New Delhi (Sputnik) — India's naval forces joined those of the US, Japan and the Philippines to conclude their first-ever joint naval drill in the South China Sea on Thursday, prompting censure from China, which claims sovereignty over the resource-rich marine region.
The Indian Navy joined the exercise as part of its commitment to operate with like-minded nations to ensure a safe maritime environment through enhanced interoperability.
The week-long naval drill involved a Japanese aircraft carrier, a US destroyer, two Indian naval ships and a Philippine patrol vessel. The Indian ships that took part were the INS Kolkata and INS Shakti.
"The ships undertook various exercises en route, which included formation manoeuvring, replenishment runs, cross-deck flying and the exchange of Sea Riders. The Group Sail exercise with the naval ships of Japan, the Philippines and the United States showcased India's commitment to operating with like-minded nations to ensure a safe maritime environment through enhanced interoperability," an Indian government press release read.
"As a principle, relevant countries' policies on and actions in a region should be serving, instead of undermining, the region's peace, stability and development," Geng Shuang, spokesperson of the Chinese foreign ministry said.
The joint naval drill comes days after the US guided-missile destroyers Preble and Chung Hoon trespassed in the adjacent territorial waters of Nanxun Jiao and Chigua Jiao, two of China's Nansha Islands, without permission from the Chinese government. The US action angered China, which said that the US move infringed upon its sovereignty.

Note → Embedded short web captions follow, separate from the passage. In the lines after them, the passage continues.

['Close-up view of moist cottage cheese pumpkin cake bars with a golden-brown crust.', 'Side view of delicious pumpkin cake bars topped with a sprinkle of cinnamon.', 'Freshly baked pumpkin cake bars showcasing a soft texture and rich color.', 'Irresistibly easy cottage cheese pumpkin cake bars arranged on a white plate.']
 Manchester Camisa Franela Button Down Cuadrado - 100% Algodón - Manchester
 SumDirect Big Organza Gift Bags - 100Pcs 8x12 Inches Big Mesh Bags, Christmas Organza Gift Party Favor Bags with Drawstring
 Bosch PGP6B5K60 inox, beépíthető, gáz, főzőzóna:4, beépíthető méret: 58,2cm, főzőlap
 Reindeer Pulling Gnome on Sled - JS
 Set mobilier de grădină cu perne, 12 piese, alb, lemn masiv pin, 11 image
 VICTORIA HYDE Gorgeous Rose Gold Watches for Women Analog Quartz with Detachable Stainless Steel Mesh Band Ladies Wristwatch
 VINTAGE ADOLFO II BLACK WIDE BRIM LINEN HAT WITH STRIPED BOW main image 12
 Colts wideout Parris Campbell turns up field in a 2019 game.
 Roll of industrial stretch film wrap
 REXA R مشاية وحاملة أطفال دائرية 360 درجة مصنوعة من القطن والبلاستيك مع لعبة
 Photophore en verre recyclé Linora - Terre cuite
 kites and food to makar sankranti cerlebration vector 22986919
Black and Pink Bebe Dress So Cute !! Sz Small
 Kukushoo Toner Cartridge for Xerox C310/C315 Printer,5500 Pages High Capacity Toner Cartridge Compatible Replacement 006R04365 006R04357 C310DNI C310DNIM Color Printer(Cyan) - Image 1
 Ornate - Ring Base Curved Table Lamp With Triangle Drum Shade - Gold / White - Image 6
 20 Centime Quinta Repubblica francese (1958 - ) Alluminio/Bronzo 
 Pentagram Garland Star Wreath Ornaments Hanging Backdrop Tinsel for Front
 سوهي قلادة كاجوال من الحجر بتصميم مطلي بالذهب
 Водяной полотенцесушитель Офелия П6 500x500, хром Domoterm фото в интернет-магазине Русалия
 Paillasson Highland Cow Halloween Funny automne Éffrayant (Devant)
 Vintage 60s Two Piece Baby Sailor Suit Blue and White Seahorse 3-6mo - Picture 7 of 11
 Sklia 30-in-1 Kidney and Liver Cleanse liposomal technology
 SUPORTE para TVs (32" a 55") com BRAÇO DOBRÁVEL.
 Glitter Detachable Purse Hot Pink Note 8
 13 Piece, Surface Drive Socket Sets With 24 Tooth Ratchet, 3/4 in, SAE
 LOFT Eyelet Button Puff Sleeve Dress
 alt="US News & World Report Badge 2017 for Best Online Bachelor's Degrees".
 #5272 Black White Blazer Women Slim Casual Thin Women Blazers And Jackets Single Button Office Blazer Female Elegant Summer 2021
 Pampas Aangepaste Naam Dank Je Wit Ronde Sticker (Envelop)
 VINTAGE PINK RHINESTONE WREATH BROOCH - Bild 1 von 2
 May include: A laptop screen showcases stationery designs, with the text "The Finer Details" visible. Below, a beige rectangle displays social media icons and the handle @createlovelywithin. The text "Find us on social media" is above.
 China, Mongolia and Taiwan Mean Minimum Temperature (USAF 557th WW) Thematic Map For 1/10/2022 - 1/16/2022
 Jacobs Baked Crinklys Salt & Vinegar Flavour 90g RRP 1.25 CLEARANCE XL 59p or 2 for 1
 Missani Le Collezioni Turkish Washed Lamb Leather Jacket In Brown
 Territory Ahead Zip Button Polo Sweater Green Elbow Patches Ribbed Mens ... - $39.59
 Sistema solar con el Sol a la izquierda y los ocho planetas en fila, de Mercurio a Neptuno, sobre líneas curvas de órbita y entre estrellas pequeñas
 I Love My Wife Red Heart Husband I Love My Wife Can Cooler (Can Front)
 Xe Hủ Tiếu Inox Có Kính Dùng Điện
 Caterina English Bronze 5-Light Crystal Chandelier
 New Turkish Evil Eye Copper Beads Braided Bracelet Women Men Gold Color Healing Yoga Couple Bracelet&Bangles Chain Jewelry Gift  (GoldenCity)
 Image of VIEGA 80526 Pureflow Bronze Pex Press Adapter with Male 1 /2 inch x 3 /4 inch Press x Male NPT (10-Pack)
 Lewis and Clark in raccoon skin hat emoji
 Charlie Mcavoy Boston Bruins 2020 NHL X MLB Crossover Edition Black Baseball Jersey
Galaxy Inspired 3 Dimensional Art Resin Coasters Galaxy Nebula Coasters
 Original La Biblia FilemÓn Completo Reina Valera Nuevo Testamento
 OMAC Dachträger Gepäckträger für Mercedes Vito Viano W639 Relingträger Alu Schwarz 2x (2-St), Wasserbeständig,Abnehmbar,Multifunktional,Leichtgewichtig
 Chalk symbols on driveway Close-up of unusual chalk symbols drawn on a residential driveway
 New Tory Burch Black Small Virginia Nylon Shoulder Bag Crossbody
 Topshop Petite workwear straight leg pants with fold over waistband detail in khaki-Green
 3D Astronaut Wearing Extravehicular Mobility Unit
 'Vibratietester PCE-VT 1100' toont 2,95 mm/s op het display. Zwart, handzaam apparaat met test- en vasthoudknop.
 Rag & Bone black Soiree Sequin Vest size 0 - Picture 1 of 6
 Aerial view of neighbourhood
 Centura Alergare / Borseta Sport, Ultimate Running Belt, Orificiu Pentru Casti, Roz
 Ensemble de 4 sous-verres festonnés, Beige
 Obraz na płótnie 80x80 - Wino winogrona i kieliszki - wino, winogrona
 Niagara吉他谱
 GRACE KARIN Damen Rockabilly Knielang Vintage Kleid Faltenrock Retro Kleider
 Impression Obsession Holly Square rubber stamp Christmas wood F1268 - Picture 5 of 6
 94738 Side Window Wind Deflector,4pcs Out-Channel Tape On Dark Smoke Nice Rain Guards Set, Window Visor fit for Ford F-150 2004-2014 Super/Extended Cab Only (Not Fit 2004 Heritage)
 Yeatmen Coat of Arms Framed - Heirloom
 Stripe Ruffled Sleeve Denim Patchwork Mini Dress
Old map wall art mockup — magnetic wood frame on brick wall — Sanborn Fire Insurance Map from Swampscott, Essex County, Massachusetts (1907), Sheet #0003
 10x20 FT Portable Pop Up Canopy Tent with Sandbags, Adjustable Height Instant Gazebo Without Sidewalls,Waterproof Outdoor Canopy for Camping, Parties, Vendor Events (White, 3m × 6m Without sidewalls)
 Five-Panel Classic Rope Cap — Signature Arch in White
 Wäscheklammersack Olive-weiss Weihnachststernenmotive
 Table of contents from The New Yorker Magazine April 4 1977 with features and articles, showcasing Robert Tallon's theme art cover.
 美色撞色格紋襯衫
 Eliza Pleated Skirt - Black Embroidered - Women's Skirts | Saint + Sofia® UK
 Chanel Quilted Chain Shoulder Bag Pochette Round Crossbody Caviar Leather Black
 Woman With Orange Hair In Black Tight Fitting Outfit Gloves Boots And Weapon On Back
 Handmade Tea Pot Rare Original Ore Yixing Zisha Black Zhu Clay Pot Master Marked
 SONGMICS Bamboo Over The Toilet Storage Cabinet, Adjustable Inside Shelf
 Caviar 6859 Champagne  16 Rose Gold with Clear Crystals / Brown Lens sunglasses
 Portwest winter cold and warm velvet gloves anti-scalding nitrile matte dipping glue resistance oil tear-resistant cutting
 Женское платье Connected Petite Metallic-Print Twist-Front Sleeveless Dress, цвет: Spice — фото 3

China, in a strongly worded statement, had asked the US to cease such provocations.
"With the concerted efforts of China and ASEAN states, the situation in the South China Sea is steadily improving. China urges the US to stop such provocations, respect China's sovereignty and security interests and the regional countries' efforts to safeguard peace and stability in the South China Sea," Geng Shuang warned the US.
"In this round of consultations, China looks forward to a full exchange of views with the Japanese side on maritime issues of mutual concern to boost mutual understanding and trust," a statement from the Chinese foreign affairs ministry read.
China claims almost all of the strategic South China Sea, which is also bordered by Brunei, Indonesia, Malaysia, the Philippines, Taiwan and Vietnam, brushing aside all competing claims to the resource-rich marine region.